GT 100530. Photo & © Lisa Björk

GT 100530

By: MAGNUS HAGLUND
Photo: LISA BJÖRK

There is thunder and lightning in the meeting between Helen Sjöholm and Freddie Wadling in Gothenburg Opera performance A Touch of Taube. And another Taube is visible: the adventurer, transnational.

But who is Evert Taube to us; the national singer or globetrotter, or a nature lyricist? If you look at Eino Hanski’s marble version that stands at the wharf in Gothenburg, not far from opera house’s entrance, he is a compressed provincial writer. The statue radiates absolutely nothing to the sense of freedom or life intoxication, which are the most important elements in Taube’s songs and books. Taube was someone who escaped from the local, first as a bohemian artist who lived in Stockholm, and then out into the world, when going to sea. Even if he was born on Stora Badhusgatan, a few steps away from the Opera House, he became a citizen of the world.

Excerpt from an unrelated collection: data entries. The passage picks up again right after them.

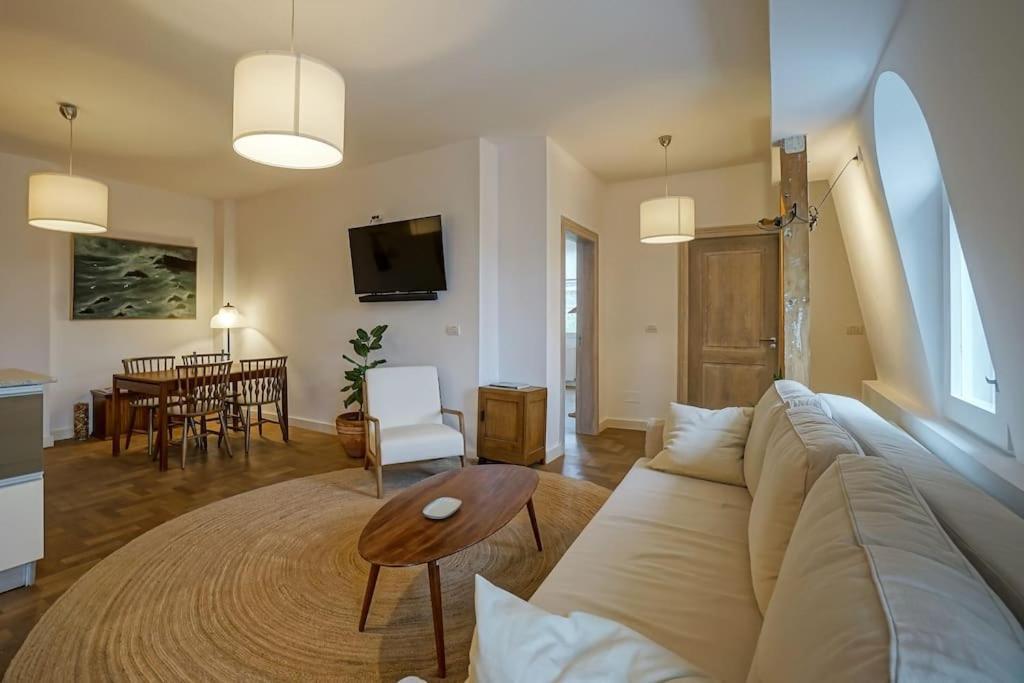 Central Apartment - Nido'S Area Bucharest Luaran gambar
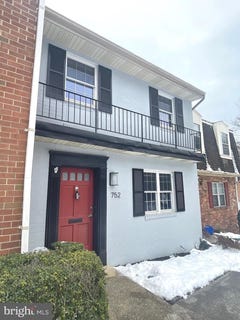 /international/us/752-college-parkway-rockville-md-110107289783/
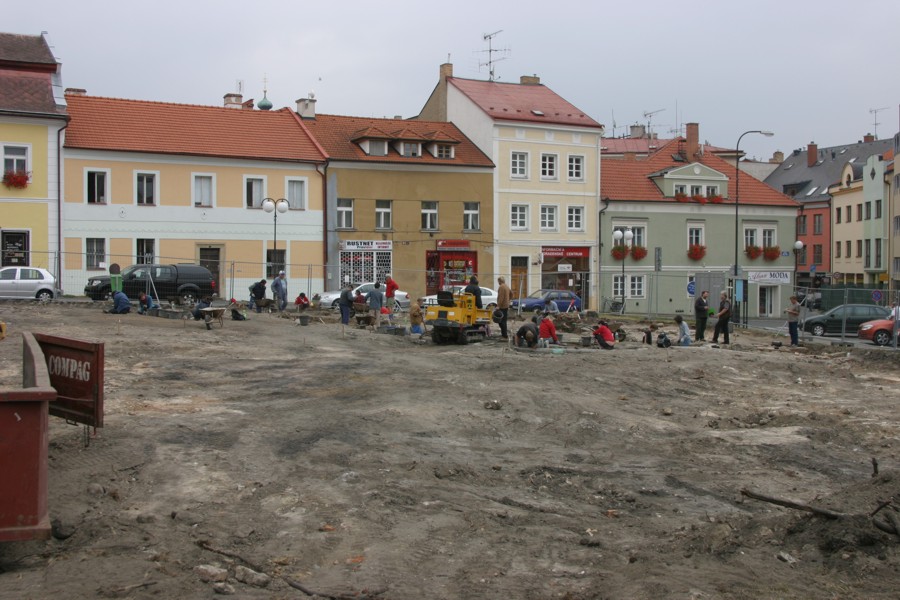 Výzkum byl zahájen v severozápadní části náměstí.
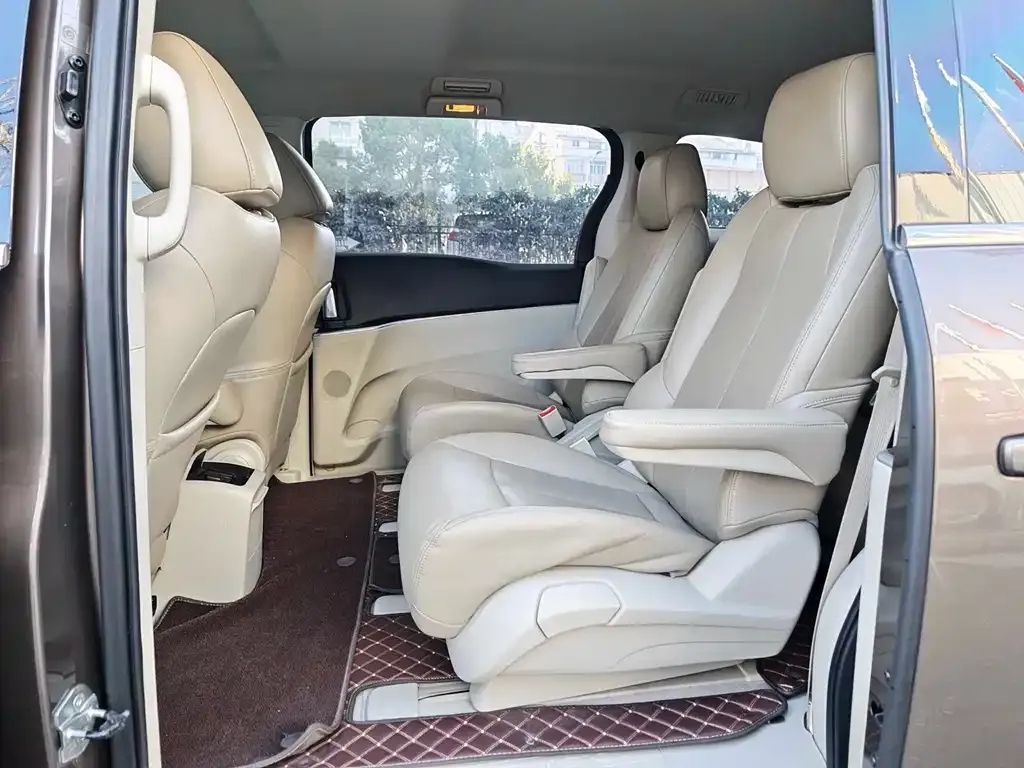 Buick GL8 2022 из CN, фото 3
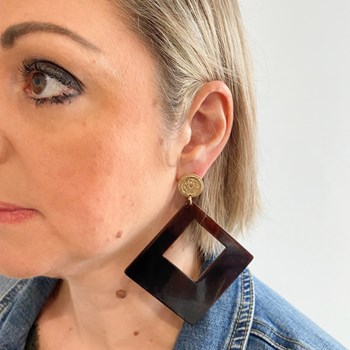 Lozenge dangling earrings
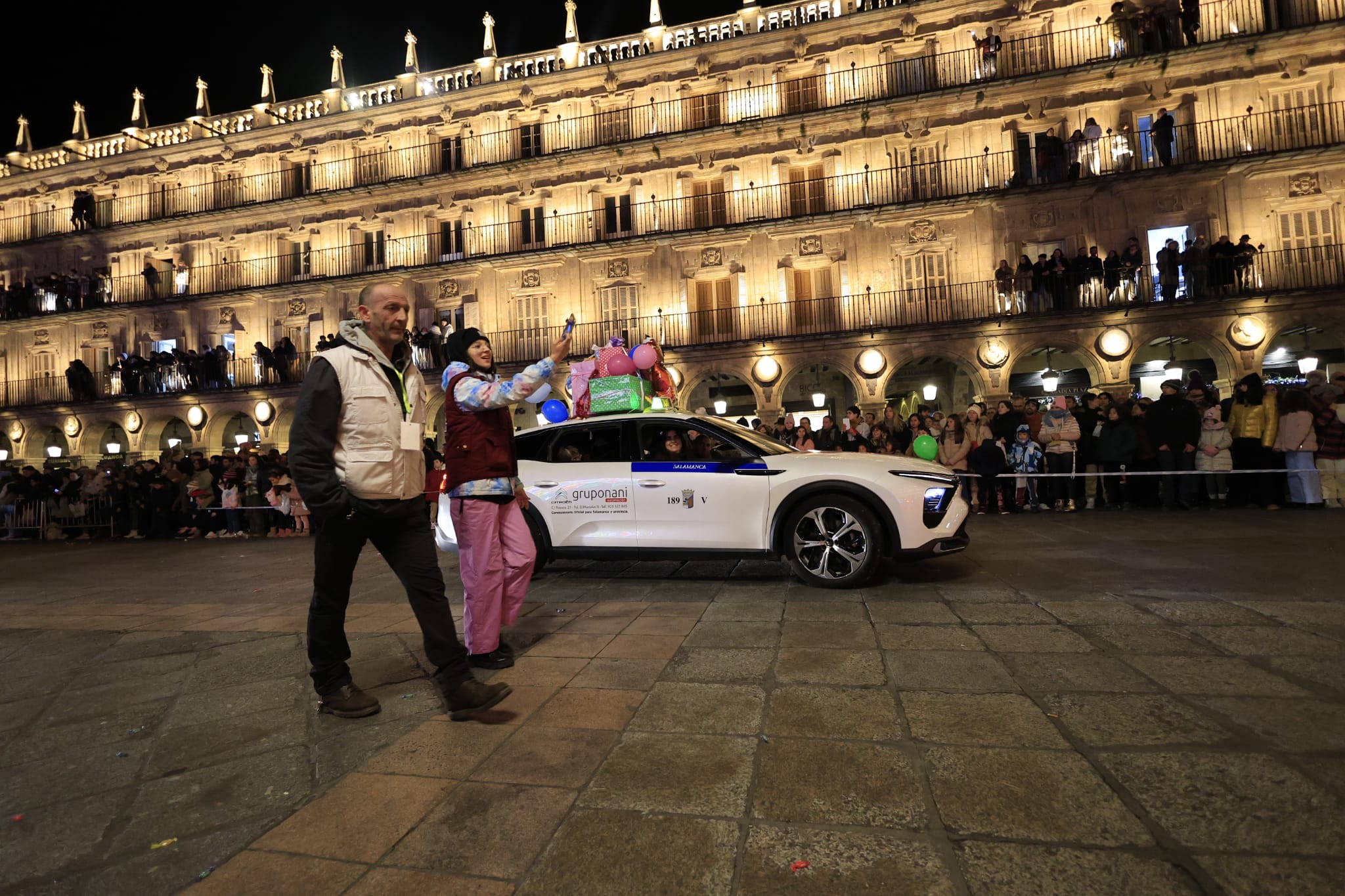 Los Reyes Magos reparten ilusión por Salamanca
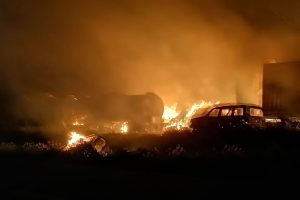 Siete vehículos quemados tras accidente en Isla-Cosoleacaque, Veracruz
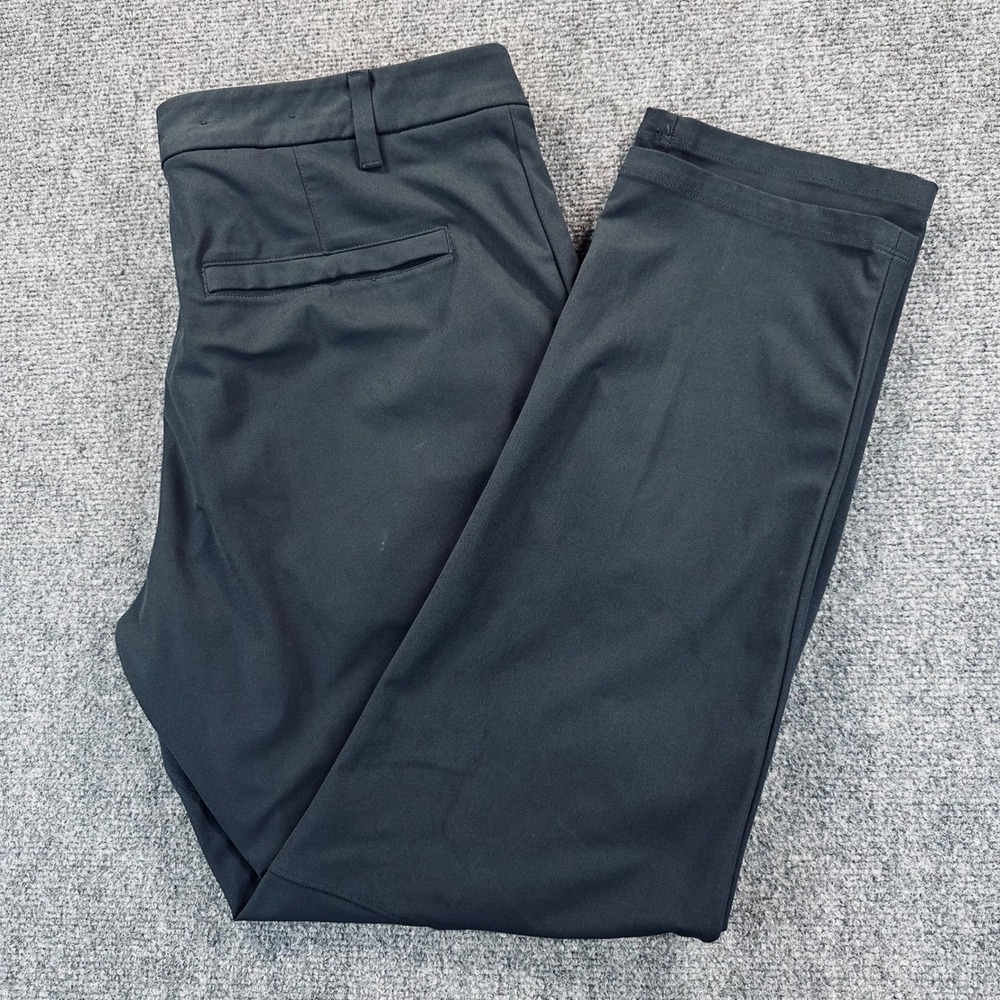 Lululemon Men's 36 Black Commission Slim-Fit Pant 30 Warpstreme Performance Walk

But what about the inside of the Opera then? Will adventurous opportunities be presented when Freddie Wadling, Helen Sjöholm and Fredrik Lycke take the songs into the show A Touch of Taube, supported by the Gothenburg Opera choir, children’s choir and orchestra? It could so easily turn into a flop. Nice and trivial, or even worse: theatrical and over-the-top.

But it isn’t, thanks to Freddie Wadling’s and Helen Sjöholm’s sparkling presence. They know how to use the small gestures rather than to overdo it . Like when Freddie sings “So shimmering was never the sea”: suddenly we hear the words, what is actually said in the phrase “while you drown all my sorrows, darling, in your first kiss.” The blue grief, the shimmering that is there for a brief moment only and then becomes a melancholic memory. Absolutely top class. Or when Helen Sjöholm sings Jussi Björling’s classic “At Sea” and makes it into a prudent jazz ballad, with a painful Chet Baker-feeling. She sings incredibly well, arch-professional, but has a kind of sharpness in phrasing that goes under the skin. Damn, I can feel it.

Yes, there are a lot of songs from other sources in this conception, as more associative links to the sea theme. For example, the “Blue for Two” classic “Ships”, which becomes a powerful experience, as Procol Harum’s “A Salty Dog” by Freddie in front of an incredible authority. Sea dreaming Taube, adventure stories and tales’ author, he let his hands wander along the world map and fantasized about other places, other times. Here you will come close to Taube by thinking of him, as much as hearing him. The imaginary song writer, the exact negligence which knew exactly where the phrases would go. It is a Taube, who rarely appears in the current Event Gothenburg with its Ferris wheel just outside the Opera House. He is of course too indefinite, too passionated, too many things at once. But that is precisely what is highlighted in the unlikely and obvious meeting between Helen Sjöholm and Freddie Wadling: magic in the melodies and the individual words that give us the courage and longing, and eventually lead us out into the world.